Source material:
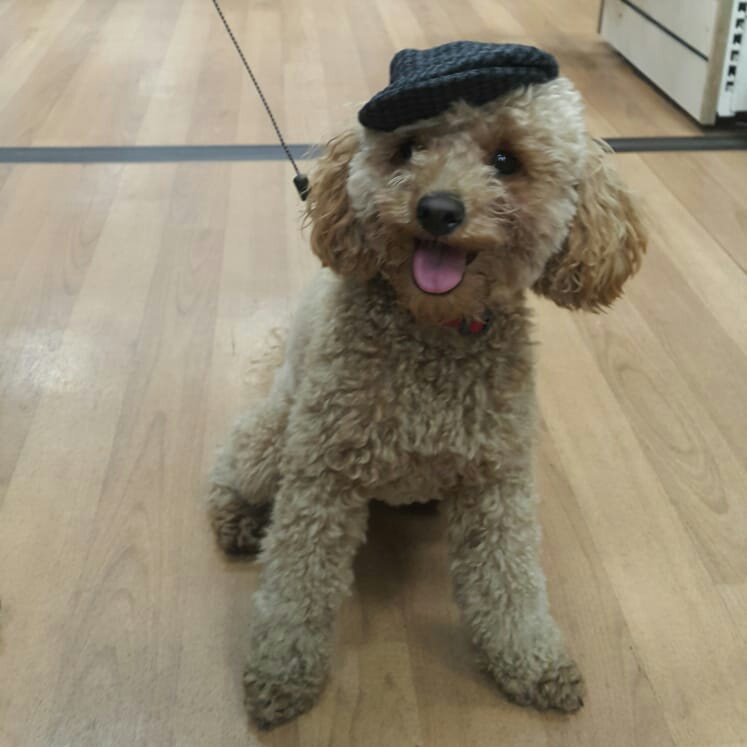 DellaTheBear's tweet photo. I tried this hat on yesterday...what ya think? Its quite Peaky Blinders isn't it?
#mugdog #toypoodle #poodle #poodles #dogs #dogsoftwitter #Dogs
 #mybabygirlmonster #poodleinthecity https://t.co/25oU0F4C1q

Aim of the task: All of the data must be set down exactly, with no pictures included.

Worked solution:
 DellaTheBear's tweet photo. I tried this hat on yesterday...what ya think? Its quite Peaky Blinders isn't it?
#mugdog #toypoodle #poodle #poodles #dogs #dogsoftwitter #Dogs
 #mybabygirlmonster #poodleinthecity https://t.co/25oU0F4C1q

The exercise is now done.